Exercise requirements – An exact transcription of the listing, without its images, is what the answer must contain.

Dataset entries –
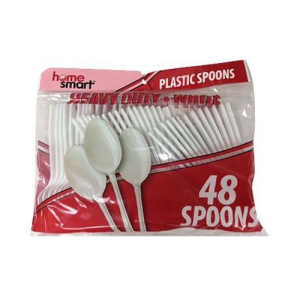 Home Smart Heavy Duty White Plastic Spoons 48pcs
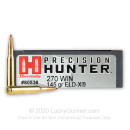 Premium 270 Ammo For Sale - 145 Grain ELD-X Ammunition in Stock by Hornady Precision Hunter - 20 Rounds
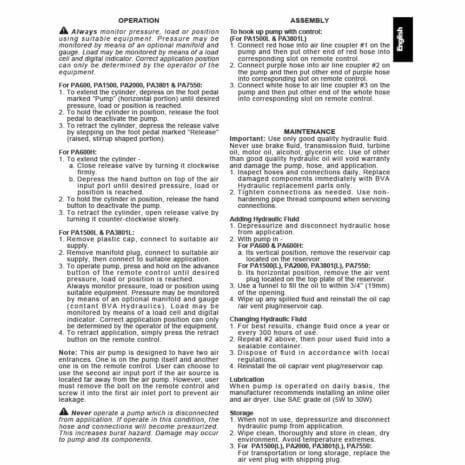 PA1500 TURBO AIR PUMP-6 hydraulicplanet Instruction manual page for the PA1500 TURBO AIR PUMP with black text outlining operation, assembly, maintenance procedures, safety warnings, and numbered steps.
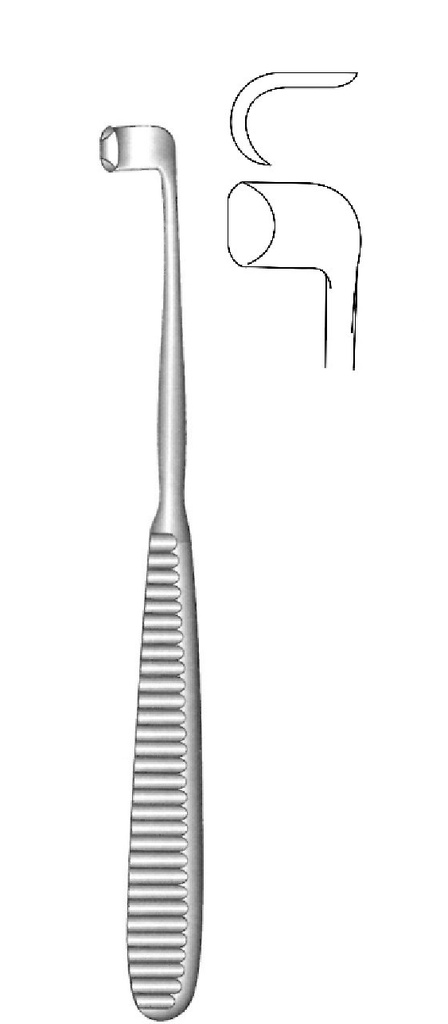 Raspador para borde inferior mandibular Obwegeser, angulado a la izquierda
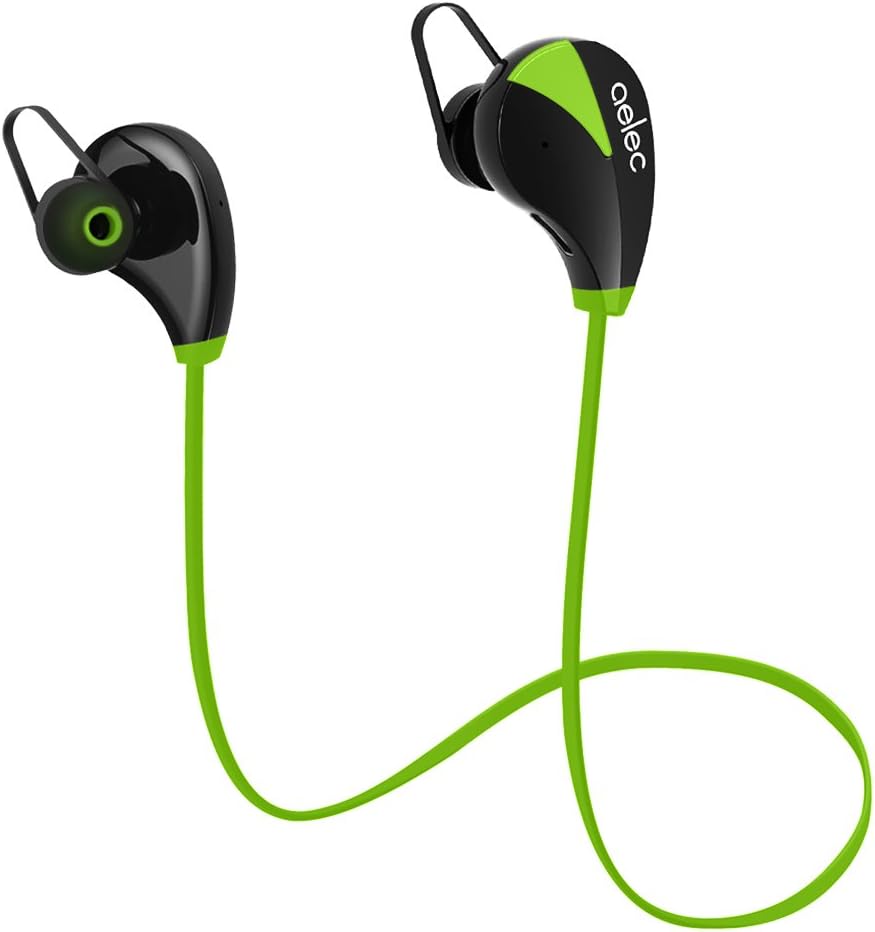 aelec S350US Bluetooth Headphones Wireless Sports Earbuds Sweatproof Earphones Noise Cancelling Headsets with Mic, Green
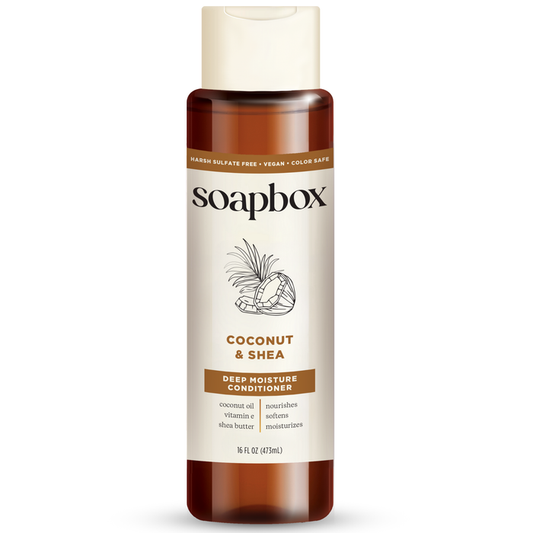 Soapboxs Coconut & Shea Deep Moisture Conditioner is a 16 fl oz hydrating option, featuring a sulfate-free, vegan, and color-safe formula enriched with coconut oil, vitamin E, and shea butter.
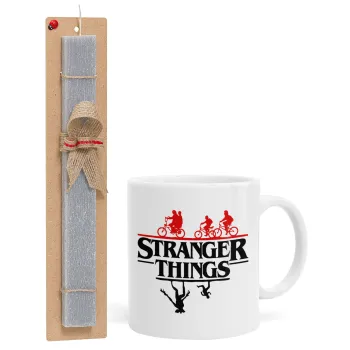 Stranger Things upside down, Πασχαλινή Λαμπάδα με Κούπα κεραμική (330ml) & κερί αρωματικό πλακέ (30cm) (ΓΚΡΙ)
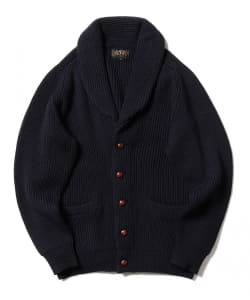 ▲BEAMS PLUS / リブ ショールカラー カーディガン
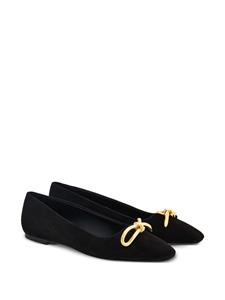 Ferragamo bow-detailing leather ballerina shoes - Zwart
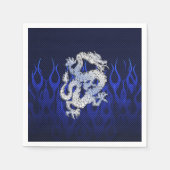 Serviette En Papier Blue Chrome comme Dragon Carbon Fiber Style (Devant)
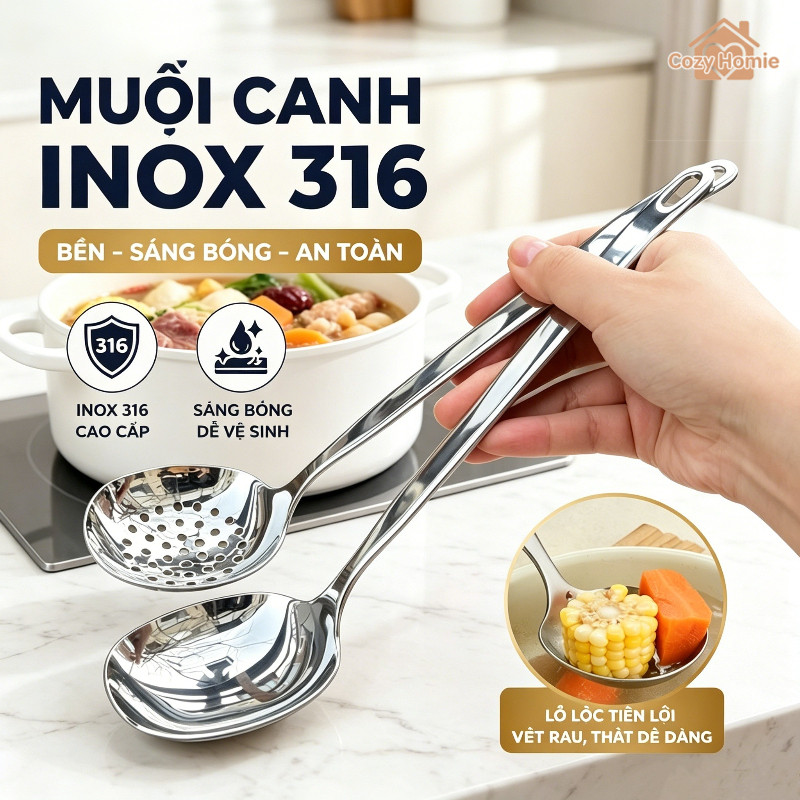 muôi múc súp muôi lẩu inox 316 an toàn thực phẩm chống gỉ bền dễ vệ bề mặt bóng dùng cho gia đình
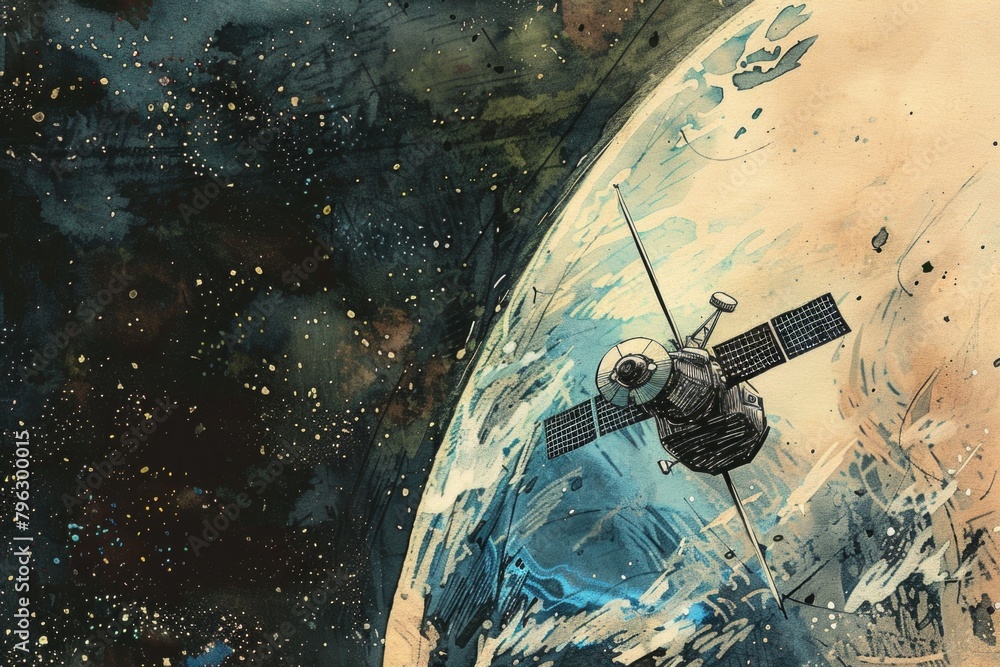 Poster a painting of a space station with a distant planet, suitable for sci-fi themes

Output of the task –
 Home Smart Heavy Duty White Plastic Spoons 48pcs
 Premium 270 Ammo For Sale - 145 Grain ELD-X Ammunition in Stock by Hornady Precision Hunter - 20 Rounds
 PA1500 TURBO AIR PUMP-6 hydraulicplanet Instruction manual page for the PA1500 TURBO AIR PUMP with black text outlining operation, assembly, maintenance procedures, safety warnings, and numbered steps.
 Raspador para borde inferior mandibular Obwegeser, angulado a la izquierda
 aelec S350US Bluetooth Headphones Wireless Sports Earbuds Sweatproof Earphones Noise Cancelling Headsets with Mic, Green
 Soapboxs Coconut & Shea Deep Moisture Conditioner is a 16 fl oz hydrating option, featuring a sulfate-free, vegan, and color-safe formula enriched with coconut oil, vitamin E, and shea butter.
 Stranger Things upside down, Πασχαλινή Λαμπάδα με Κούπα κεραμική (330ml) & κερί αρωματικό πλακέ (30cm) (ΓΚΡΙ)
 ▲BEAMS PLUS / リブ ショールカラー カーディガン
 Ferragamo bow-detailing leather ballerina shoes - Zwart
 Serviette En Papier Blue Chrome comme Dragon Carbon Fiber Style (Devant)
 muôi múc súp muôi lẩu inox 316 an toàn thực phẩm chống gỉ bền dễ vệ bề mặt bóng dùng cho gia đình
 Poster a painting of a space station with a distant planet, suitable for sci-fi themes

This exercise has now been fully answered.